Extracts mysql general logs for long term storage which can be used for audit purposes.
Mysql removes logs to keep exhausting storage and this can be dictated by the storage policy of the logs. For an intance with high volume traffic the storage can get exhausted pretty soon in which case Mysql will rotate the general_log table. To investigate any business issue that might be caused by data/schema changes, study of the general logs are very helpful. Database access patterns can also be determined using these logs as well. To increase the retention of the logs, the mysql-general-log-extractor will extract logs from the mysql instance and will store it into AWS S3 buckets for a longer durations. An Athena table is built on this bucket and this table can be used to effectively query this data using the abilities of AWS Athena.

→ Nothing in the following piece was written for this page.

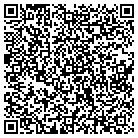 QR code with Coshocton Tire & Retreading contacts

0. As a prerequisite install Groovy version 2.4.7 or higher.
1. Create the following table in mysql. This serves as a checkpoint and is used for coordinating subsequent runs of the extractor in case of failure which ensures no data/logs are missed.
CREATE TABLE registry
(
registry_key VARCHAR(128) NOT NULL,
registry_value TEXT,
PRIMARY KEY (registry_key)
)
ENGINE=InnoDB
3. Create the Athena table named mysql_general_logs
. The following query can be used to create the table:
CREATE EXTERNAL TABLE `mysql_general_logs`(
`event_time` string,
`user_host` string,
`thread_id` bigint,
`server_id` int,
`command_type` string,
`statement` string)
PARTITIONED BY (
`dt` string)
ROW FORMAT DELIMITED
FIELDS TERMINATED BY '^'
MAP KEYS TERMINATED BY 'undefined'
WITH SERDEPROPERTIES (
'collection.delim'='undefined')
STORED AS INPUTFORMAT
'org.apache.hadoop.mapred.TextInputFormat'
OUTPUTFORMAT
'org.apache.hadoop.hive.ql.io.HiveIgnoreKeyTextOutputFormat'
LOCATION
's3://mysql-general-logs/prod/general'
TBLPROPERTIES (
'has_encrypted_data'='false',
'transient_lastDdlTime'='1530908667')
4. Clone this repository to the instance where the log extraction will run and modify the following constant values in com/roy/mysql/StoreMysqlGeneralLogsToS3.groovy with the respective values for your environment.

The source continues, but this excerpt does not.